Dad whistled to the dogs and took them back to the kitchen. Holly was a little surprised that Cupcake went with him, rather than staying with her (and the possibility of treats), but the small dog and her dad really did seem to have warmed up to each other.

“You can help us, you know!” Holly called after him.

“Don’t worry about me, hon. I’ll be out in the barn for a while after dinner.”

After her dad was back in the kitchen, Jace said quietly, “He sure does spend a lot of time in that barn.”

“I know. He likes working with his hands. But it’s also an escape,” Holly said, low. With a chicken nugget in one hand, she opened a box of ornaments, and abruptly felt punched in the chest by the lumpy handmade candy canes and misshapen nativity animals lying in a cushion of shredded paper. A bittersweet ache stung her chest. “Christmas is a hard time of year for him to deal with. It’s just so tied up with Mom for all of us.”

She ate a few chicken nuggets to push down a lump in her throat.

“What are these, anyway?” Jace asked, picking up a brownish blob from the ornament box with some pointy parts sticking off. “Is this a, er ... okay, I was going to say a brown snowman, because I know it’s not poop. At least I don’t think you’d have a poop ornament on the tree, but who knows.”
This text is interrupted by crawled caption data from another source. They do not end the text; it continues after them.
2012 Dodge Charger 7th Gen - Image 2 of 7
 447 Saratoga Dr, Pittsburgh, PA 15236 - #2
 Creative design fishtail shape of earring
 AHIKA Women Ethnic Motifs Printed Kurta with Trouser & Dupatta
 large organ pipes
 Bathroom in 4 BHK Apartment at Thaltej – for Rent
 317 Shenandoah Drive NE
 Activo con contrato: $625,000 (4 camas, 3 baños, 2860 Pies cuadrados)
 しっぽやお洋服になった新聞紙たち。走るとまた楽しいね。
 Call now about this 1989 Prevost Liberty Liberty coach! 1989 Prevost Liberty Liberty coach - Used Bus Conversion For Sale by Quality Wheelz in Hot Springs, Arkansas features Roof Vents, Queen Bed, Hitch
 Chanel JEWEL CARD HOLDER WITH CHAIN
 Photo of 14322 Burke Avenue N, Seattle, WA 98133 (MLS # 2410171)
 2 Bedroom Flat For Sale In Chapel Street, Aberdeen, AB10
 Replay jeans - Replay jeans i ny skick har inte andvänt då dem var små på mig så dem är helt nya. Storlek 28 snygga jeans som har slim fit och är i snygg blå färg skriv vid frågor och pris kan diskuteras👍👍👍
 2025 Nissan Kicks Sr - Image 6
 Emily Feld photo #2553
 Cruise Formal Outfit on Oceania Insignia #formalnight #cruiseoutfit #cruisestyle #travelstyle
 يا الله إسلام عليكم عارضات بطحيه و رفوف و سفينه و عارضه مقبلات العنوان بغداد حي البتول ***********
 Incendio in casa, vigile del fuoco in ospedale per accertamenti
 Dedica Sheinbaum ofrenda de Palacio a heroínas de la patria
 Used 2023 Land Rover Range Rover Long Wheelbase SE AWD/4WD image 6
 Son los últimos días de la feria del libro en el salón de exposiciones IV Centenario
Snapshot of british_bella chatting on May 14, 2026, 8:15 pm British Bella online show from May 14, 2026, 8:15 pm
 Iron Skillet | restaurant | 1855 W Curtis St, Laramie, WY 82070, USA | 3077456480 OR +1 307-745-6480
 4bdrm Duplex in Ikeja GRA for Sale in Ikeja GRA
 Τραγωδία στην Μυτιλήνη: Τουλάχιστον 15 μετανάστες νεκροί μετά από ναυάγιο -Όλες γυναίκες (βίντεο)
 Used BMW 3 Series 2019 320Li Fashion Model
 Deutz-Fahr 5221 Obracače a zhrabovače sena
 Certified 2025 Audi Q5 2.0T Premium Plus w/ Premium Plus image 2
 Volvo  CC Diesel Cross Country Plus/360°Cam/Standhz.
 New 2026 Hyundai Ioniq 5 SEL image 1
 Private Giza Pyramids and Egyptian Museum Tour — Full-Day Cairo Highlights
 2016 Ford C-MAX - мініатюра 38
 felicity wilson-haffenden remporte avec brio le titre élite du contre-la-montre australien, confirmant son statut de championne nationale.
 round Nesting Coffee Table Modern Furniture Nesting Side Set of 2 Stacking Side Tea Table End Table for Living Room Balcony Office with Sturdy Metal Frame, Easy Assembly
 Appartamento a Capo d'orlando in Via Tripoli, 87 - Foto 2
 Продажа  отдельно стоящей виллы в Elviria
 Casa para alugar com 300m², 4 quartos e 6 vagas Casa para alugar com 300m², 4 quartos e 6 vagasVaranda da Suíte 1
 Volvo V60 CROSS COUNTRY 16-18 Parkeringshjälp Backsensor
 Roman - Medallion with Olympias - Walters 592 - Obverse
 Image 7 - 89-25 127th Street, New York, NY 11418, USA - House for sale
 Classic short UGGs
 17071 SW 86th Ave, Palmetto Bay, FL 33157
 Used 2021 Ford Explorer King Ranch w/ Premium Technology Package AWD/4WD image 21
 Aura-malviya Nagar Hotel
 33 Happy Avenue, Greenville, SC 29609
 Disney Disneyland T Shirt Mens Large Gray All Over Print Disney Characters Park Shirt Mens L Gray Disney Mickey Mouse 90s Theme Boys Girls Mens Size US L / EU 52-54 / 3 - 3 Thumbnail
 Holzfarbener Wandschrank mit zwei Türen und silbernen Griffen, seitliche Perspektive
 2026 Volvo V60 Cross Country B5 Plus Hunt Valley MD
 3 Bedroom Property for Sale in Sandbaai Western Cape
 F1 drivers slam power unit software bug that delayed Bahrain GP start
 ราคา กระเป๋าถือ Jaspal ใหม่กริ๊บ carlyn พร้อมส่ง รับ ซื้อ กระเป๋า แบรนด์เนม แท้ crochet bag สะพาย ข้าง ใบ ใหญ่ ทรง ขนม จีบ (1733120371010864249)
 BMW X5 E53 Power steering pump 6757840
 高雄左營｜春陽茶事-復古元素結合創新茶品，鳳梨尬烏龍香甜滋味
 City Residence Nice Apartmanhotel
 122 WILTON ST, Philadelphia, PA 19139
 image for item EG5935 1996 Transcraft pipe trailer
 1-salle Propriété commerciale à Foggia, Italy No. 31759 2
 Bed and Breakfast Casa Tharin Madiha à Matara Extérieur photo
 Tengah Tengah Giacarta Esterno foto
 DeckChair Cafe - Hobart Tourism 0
Holly almost choked on a chicken nugget. Grateful for his obvious but sweet effort to cheer her up, she took the blob from his fingers. “It’s a donkey. At least I think so. Ivy made a whole nativity out of modeling clay one year. Of course, she was five at the time. We always put them up every year anyway, although when we all got older, it was mostly to annoy her.” She pulled out a blue and pink blob. “I think thisone is the Virgin Mary. Or maybe it’s a wise man. It’s sort of hard to tell them apart.”

They went on hanging ornaments, each misshapen piece of baked clay or squashed and faded paper chain bringing a memory with it. There was a set of lumpy, homemade candy canes of braided and baked salt dough, flaking with age, each with a child’s name written on it. “This was before Merry was born,” Holly said, holding one in her hand. “So there are only four of them. We made her one later, but I don’t know where it is. It doesn’t seem to be with these.”

The handmade ornaments were mixed in with a variety of store-bought ones, wooden stars and nutcrackers, angels and reindeer, shatterproof balls still in their original box. They rarely kept glass ornaments, at least few that survived the procession of younger siblings and childhood pets, although Holly did find one stained-glass pineapple in a metal frame.